Jun 15, 2026

15 min read

AWS Storage Extras: Snow Family, FSx, Storage Gateway, Transfer Family & DataSync

When it comes to storage on AWS, three names come to mind first: S3 (object storage), EBS (disks for EC2), and EFS (a shared file system). But real life throws problems that those three don’t directly solve:

“I have 500 TB in my data center that needs to get to S3. Pushing it over the internet would take months — is there a faster way?”
“My application is Windows software that needs a Windows-style file share (SMB, Active Directory integration) — but EFS only speaks Linux.”
“The compute team needs a file system with extremely high throughput for HPC simulations and ML training — EFS can’t keep up.”
“The company still runs a perfectly good on-premises system, I don’t want to migrate yet, but I’d like to use AWS storage for backup and extra capacity.”
“A partner can only send me files over SFTP. How do I get those files to land straight in S3 without standing up and maintaining an FTP server?”

This is exactly where the “storage extras” come in. The key thing to grasp up front: these are not primary storage locations — they are tools to move data in and out of AWS and to connect specialized or hybrid storage. Each service exists to solve a very specific problem — and the SAA exam loves to present a scenario and ask which service you’d pick, while a couple of the other options all “sound about right.”

This article is a map to tell them apart cleanly. For each service we’ll cover what problem it solves, its core features, and a real-world use case — along with the easily confused pairs the exam likes to test.

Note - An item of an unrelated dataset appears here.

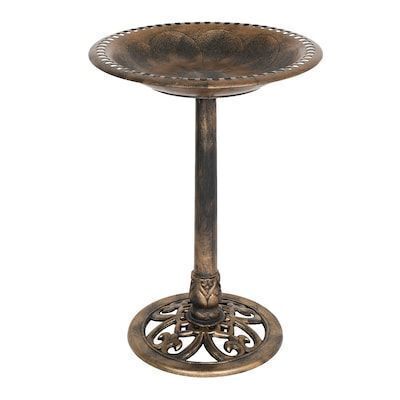 VINGLI 28-in H Antique Copper Resin Birdbath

Note: This is an overview to build a mental model and recognize the right answer quickly in the exam. Each service here could be its own deep dive; this article focuses on the boundaries between them and why each one exists.

1. The big picture: each service solves one problem

Before the details, pin down this framing. Instead of learning them in a random order, tie each service to the problem it was born to solve:

Problem	The question it answers	Service
Move large data — offline	”Move hundreds of TB–PB when the network is too slow/costly”	AWS Snow Family
Move / sync data — online	”Move data over the network, automated and scheduled”	AWS DataSync
Specialized file system	”Need Windows SMB / HPC / ONTAP / ZFS, not EFS”	Amazon FSx
Hybrid bridge on-premises ↔ AWS	”Still running on-premises but want to use AWS storage”	AWS Storage Gateway
Transfer files over FTP protocols	”App/partner only speaks FTP/FTPS/SFTP”	AWS Transfer Family

Two mental axes run through the whole article:

There are two roads to get data into AWS: physical (offline) and over the network (online). When data is too large for the available bandwidth, you ship a physical device (Snow Family). When the network is good enough and you want automation, you transfer over the network (DataSync).
“Move once” is different from “access continuously.” DataSync and Snow are for migration (move it and you’re done). Storage Gateway is for living together long-term — on-premises and cloud coexist, with the gateway as a permanent bridge.

2. Getting data into AWS: offline vs online

This is the group that answers “how do I move a large amount of data from on-premises to AWS.” There are two ways, and the boundary between them is a classic SAA question.

2.1. AWS Snow Family — ship data on a physical device

The problem: You have hundreds of TB to petabytes of data. Pushing it over the internet would take weeks to months, eat your bandwidth, and cost a fortune. AWS Snow Family solves this the “crude but effective” way: AWS sends you a physical storage device, you copy your data onto it, ship it back, and AWS loads the data straight into S3.

If transferring over the network would take more than about a week, consider Snow Family instead of going online.

Snow Family comes in three “sizes”:

AWS Snowcone — a small, rugged, portable device (fits in a backpack), with 8 TB (HDD) or 14 TB (SSD) of capacity. Good for tight spaces and harsh conditions. It can transfer data offline (ship the device back) or online via DataSync itself (the agent comes pre-installed).
AWS Snowball Edge — the “workhorse” for large migrations, in two variants:
- Storage Optimized: maximum capacity (210 TB SSD), used to move large volumes of data.
- Compute Optimized: more vCPU/RAM, to run EC2 and Lambda right on the device — serving edge computing in places with poor connectivity.
- Both block and object storage are available on the device.
AWS Snowmobile — exabyte scale: a 45-foot shipping container that carries up to 100 PB per trip. Used to relocate an entire massive data center (10+ PB).

The two main use cases for Snow Family:

Data migration: get large volumes of data to the cloud when the network can’t handle it — historical backups, video libraries, scientific data, and so on.
Edge computing: with Snowcone and Snowball Edge Compute Optimized, you process data on the spot (ships, oil rigs, mines, military vehicles, remote areas) — where the internet is intermittent or absent — and only send the results/device back later.

Snow Family does not load data directly into S3 Glacier. Data always lands in S3 (Standard) first, after which you use an S3 Lifecycle rule to automatically move it to Glacier.

The reason: the data enters S3 through an import process, rather than using the S3 API like other services do.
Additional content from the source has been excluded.